** Listed entries follows **

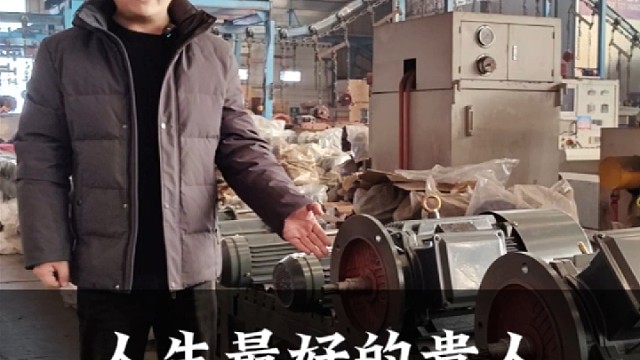 人生最贵的好人，就是努力向上的自己。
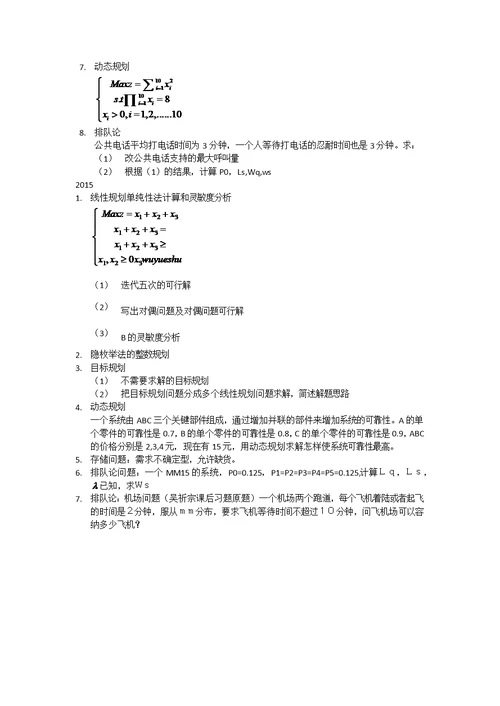 北京理工大学考研858运筹学11-15真题汇编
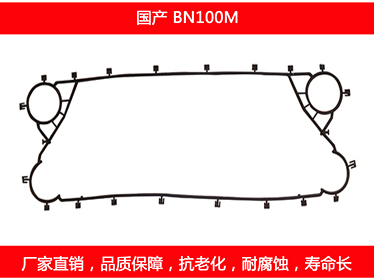 K55 国产可拆式板式换热器密封垫片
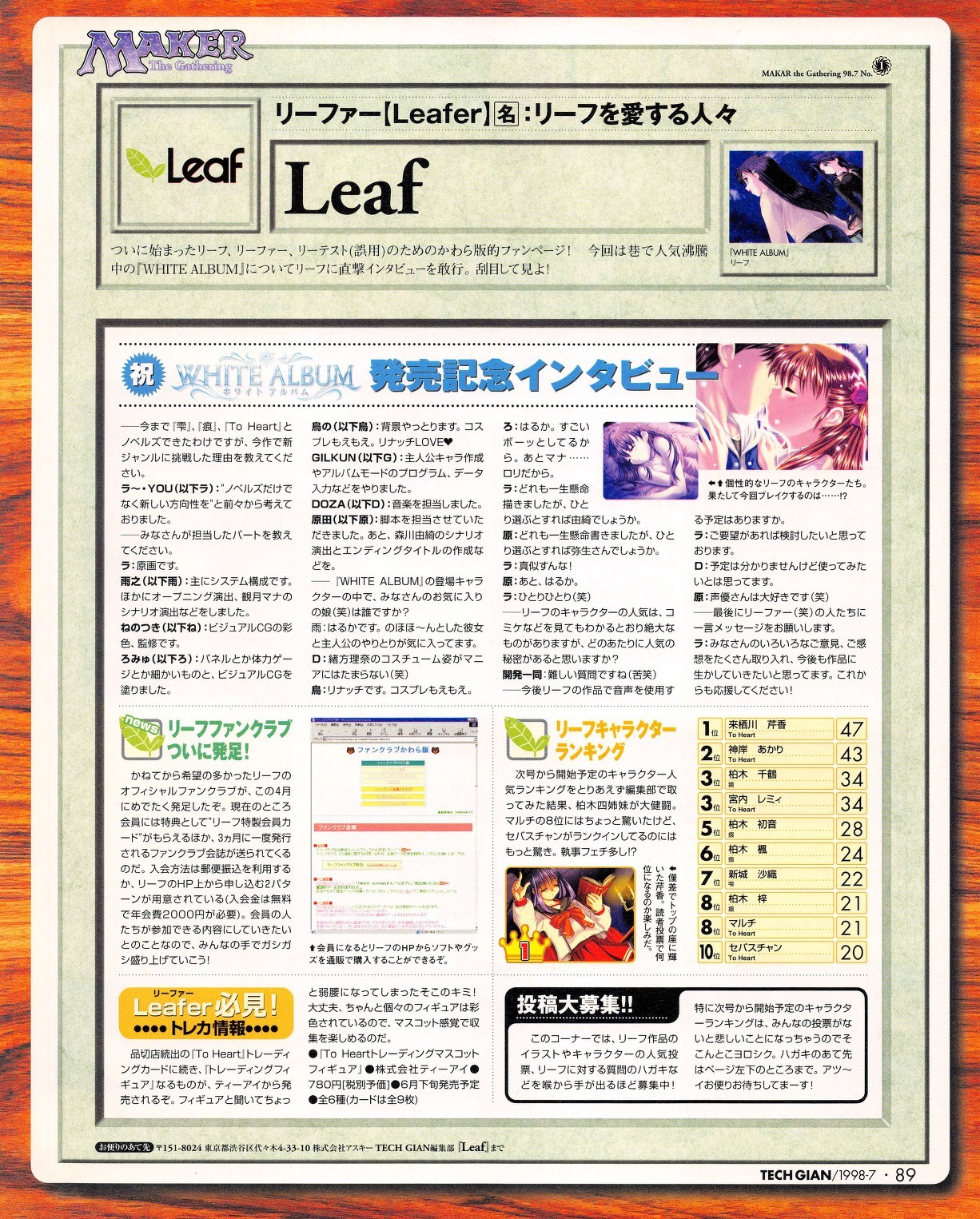 Page 87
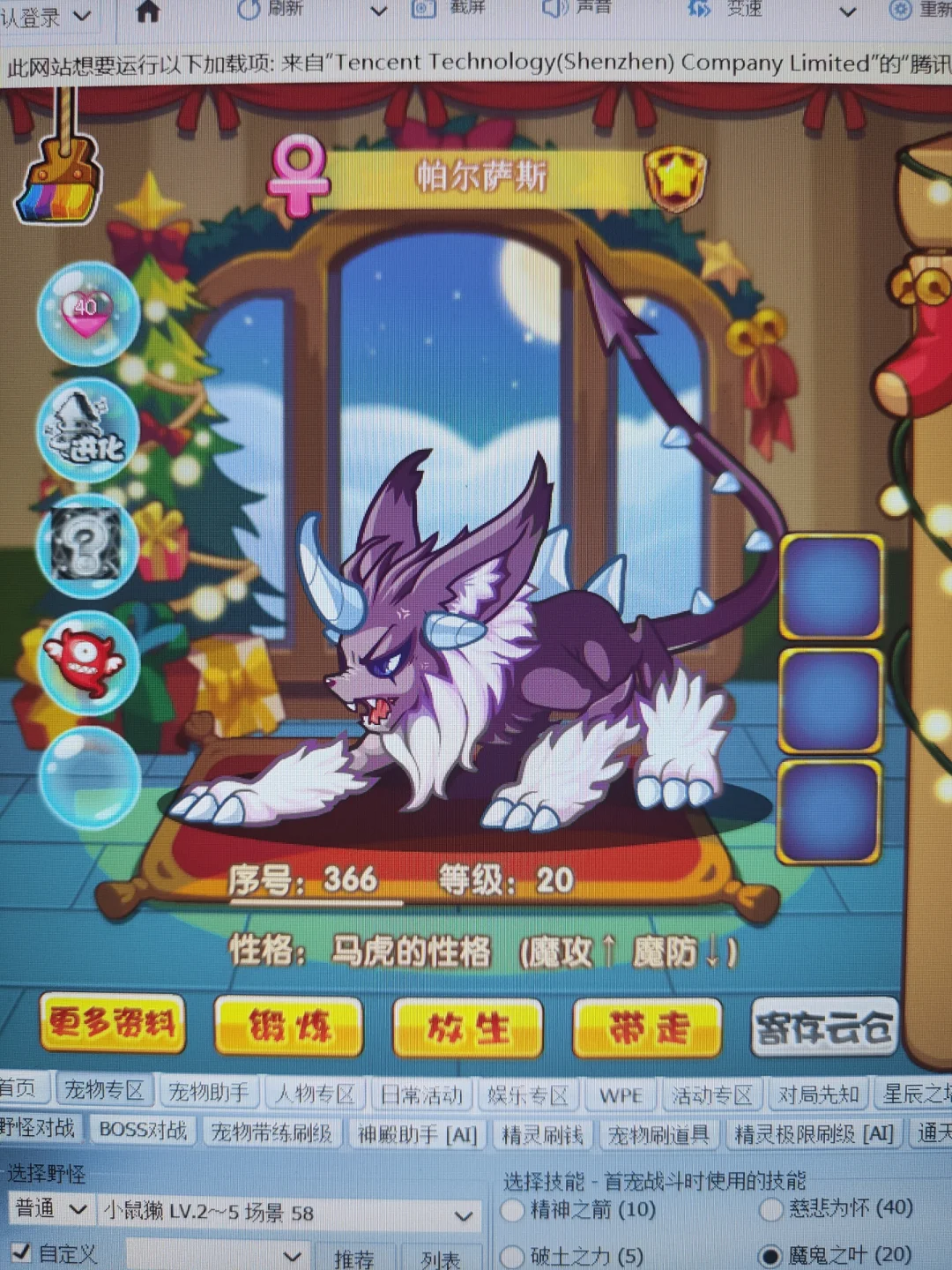 洛克王国番茄小弟好吗(洛克王国番茄小弟好吗值得练吗)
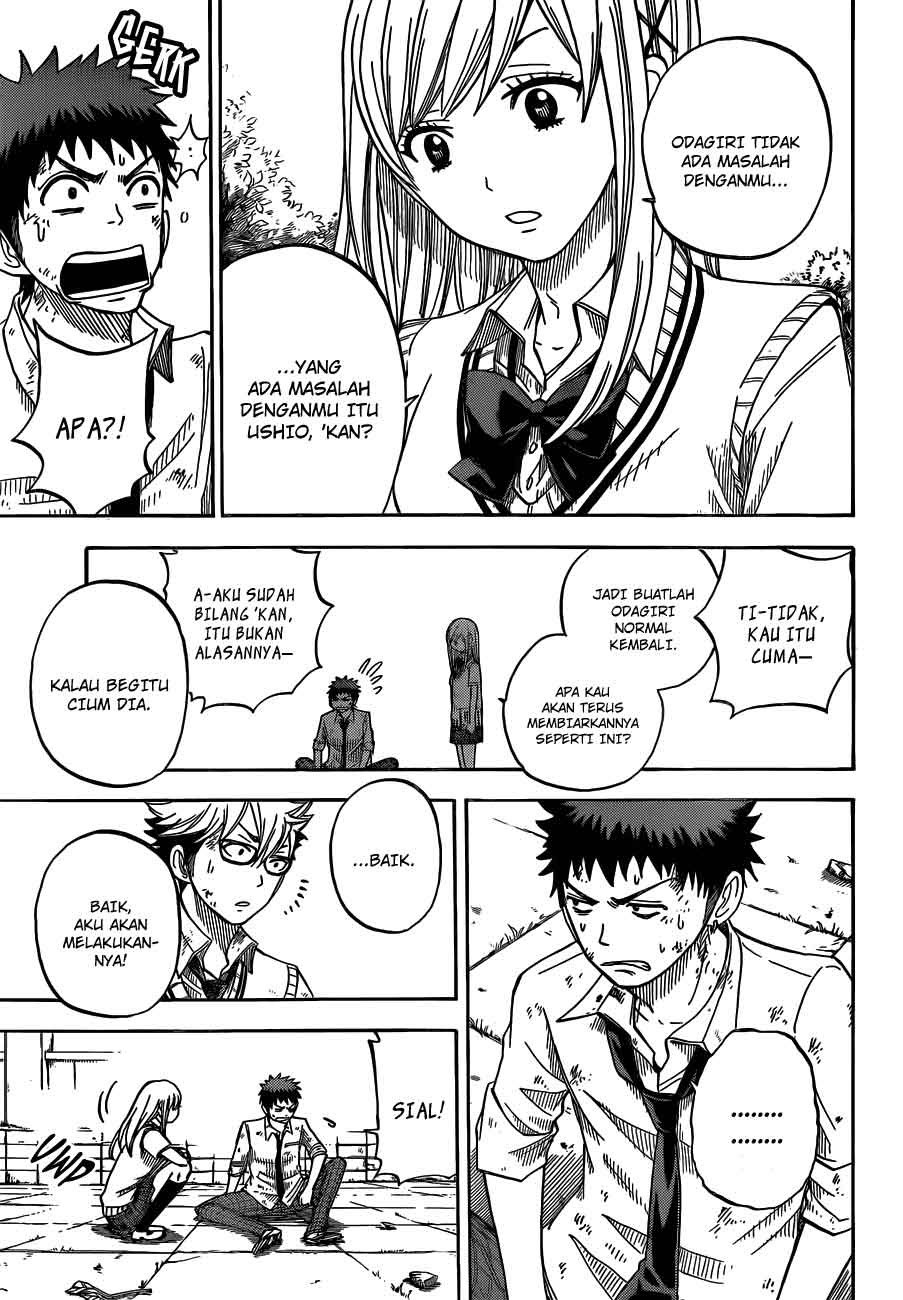 Yamada-kun to 7-nin no Majo Chapter 21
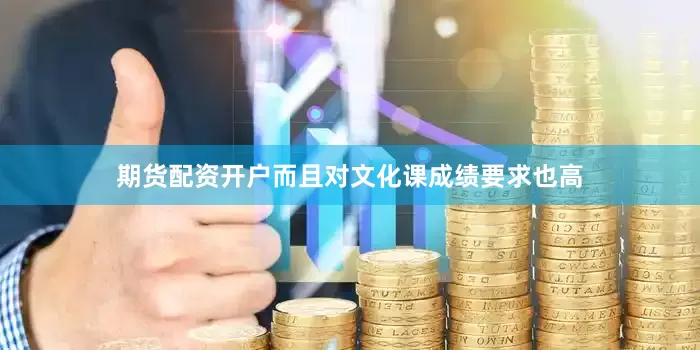 期货配资开户而且对文化课成绩要求也高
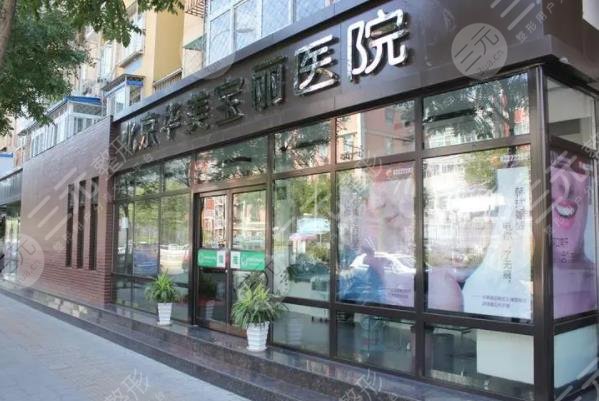 北京华美宝丽整形
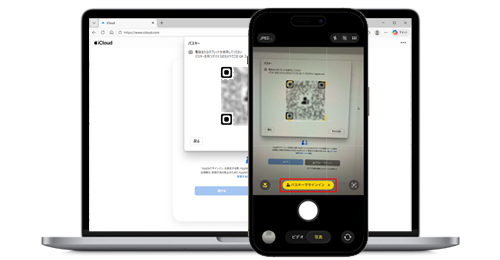 iCloud.comにiPhoneの顔認証(Face ID)でサインインする
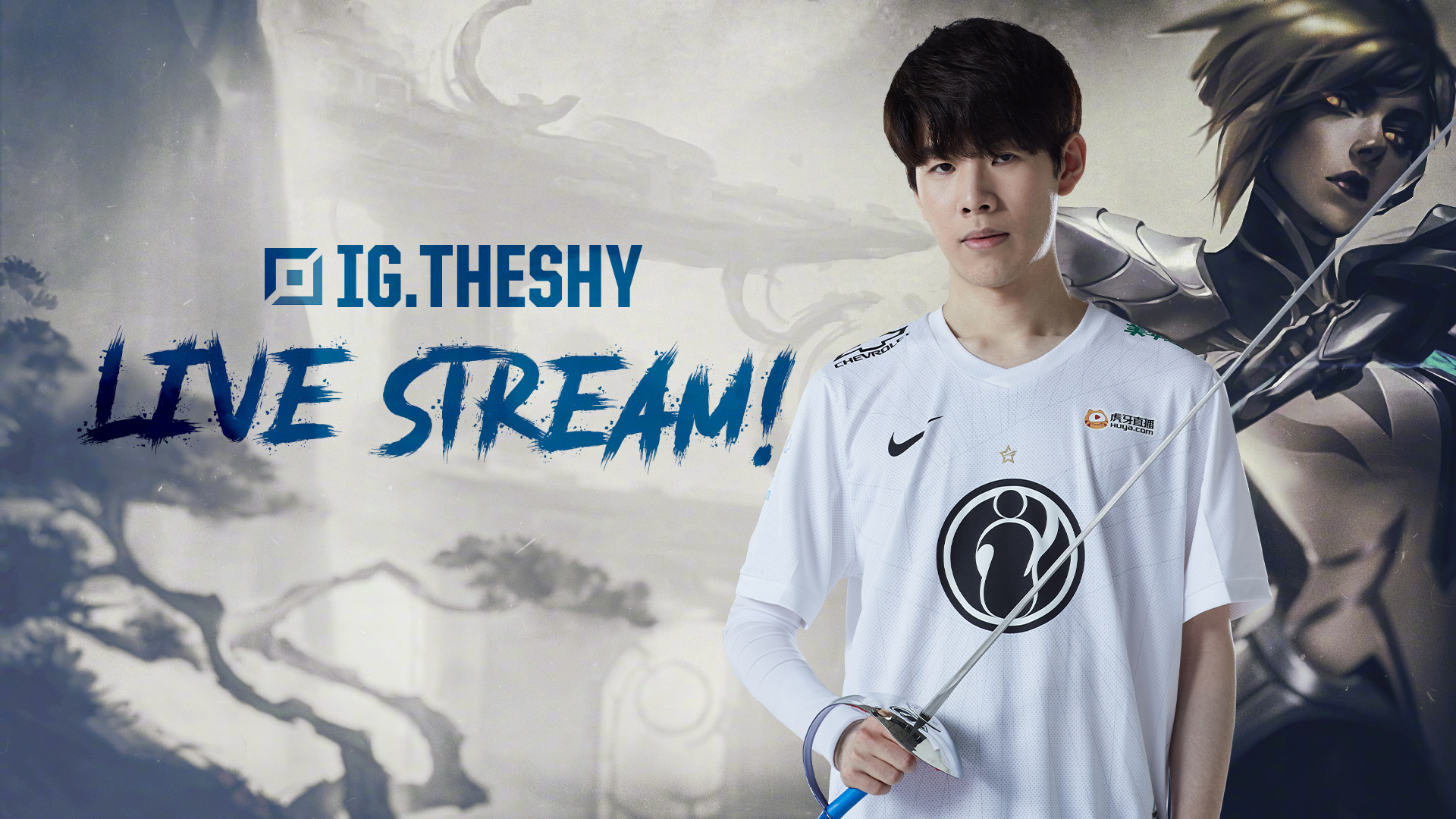 让退防不及 让退防不及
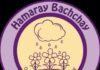 Hamaray Bachchay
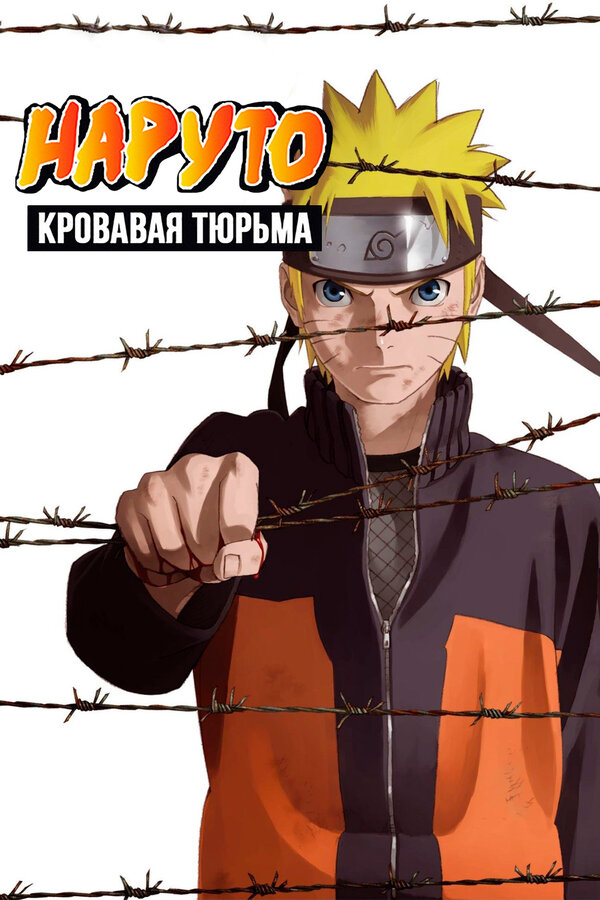 Наруто 8: Кровавая Тюрьма, 2011 — Описание, Интересные Факты.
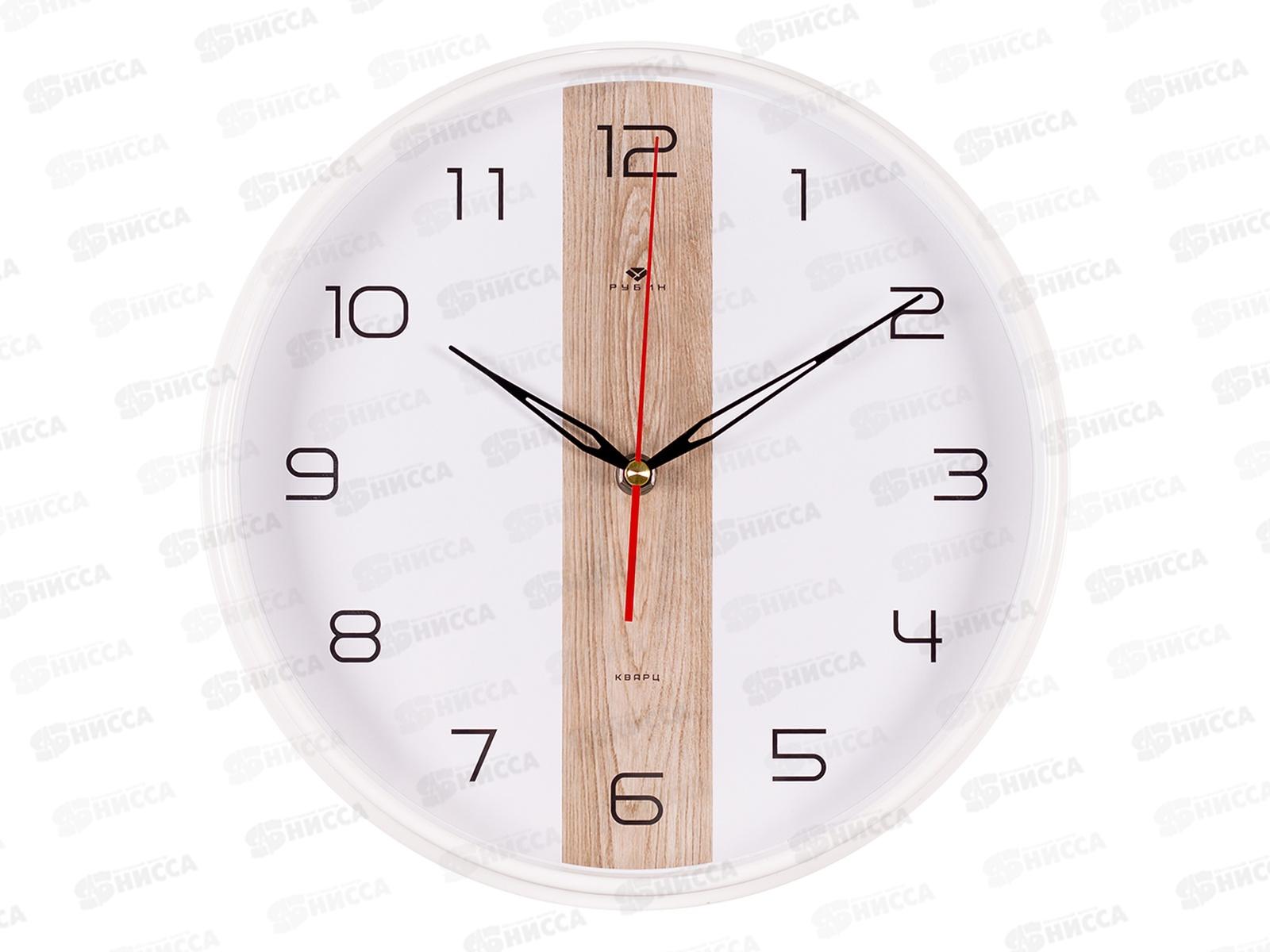 Часы настенные &quot21 Век" 2940-116 Текстура дерева круг, белый Рубин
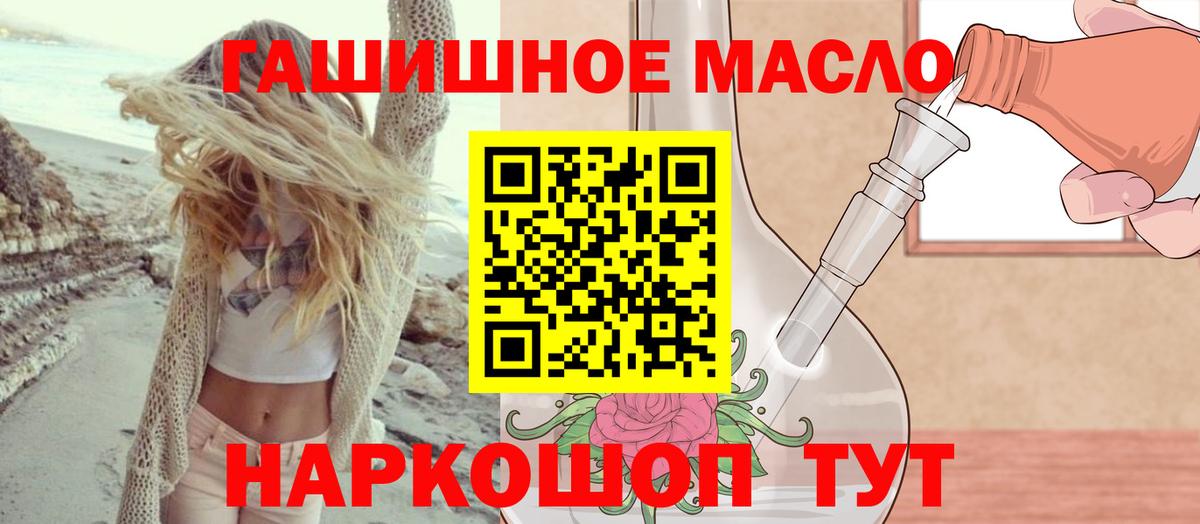 Миллерово  ТГК THC oil  Дистиллят ТГК гашишное масло  продажа наркотиков  Вход с VPN 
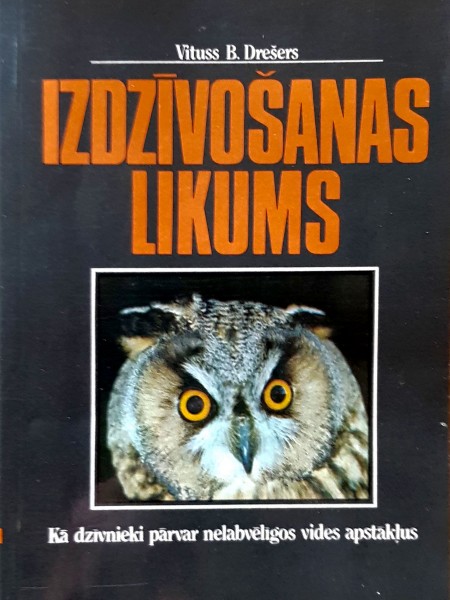 Izdzīvošanas likums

** End of Listed entries **

◆ **Work required**:
Return to the listing above and set it down exactly, leaving out its pictures.

◆ **Expected output**:
 人生最贵的好人，就是努力向上的自己。
 北京理工大学考研858运筹学11-15真题汇编
 K55 国产可拆式板式换热器密封垫片
 Page 87
 洛克王国番茄小弟好吗(洛克王国番茄小弟好吗值得练吗)
 Yamada-kun to 7-nin no Majo Chapter 21
 期货配资开户而且对文化课成绩要求也高
 北京华美宝丽整形
 iCloud.comにiPhoneの顔認証(Face ID)でサインインする
 让退防不及 让退防不及
 Hamaray Bachchay
 Наруто 8: Кровавая Тюрьма, 2011 — Описание, Интересные Факты.
 Часы настенные &quot21 Век" 2940-116 Текстура дерева круг, белый Рубин
 Миллерово  ТГК THC oil  Дистиллят ТГК гашишное масло  продажа наркотиков  Вход с VPN 
 Izdzīvošanas likums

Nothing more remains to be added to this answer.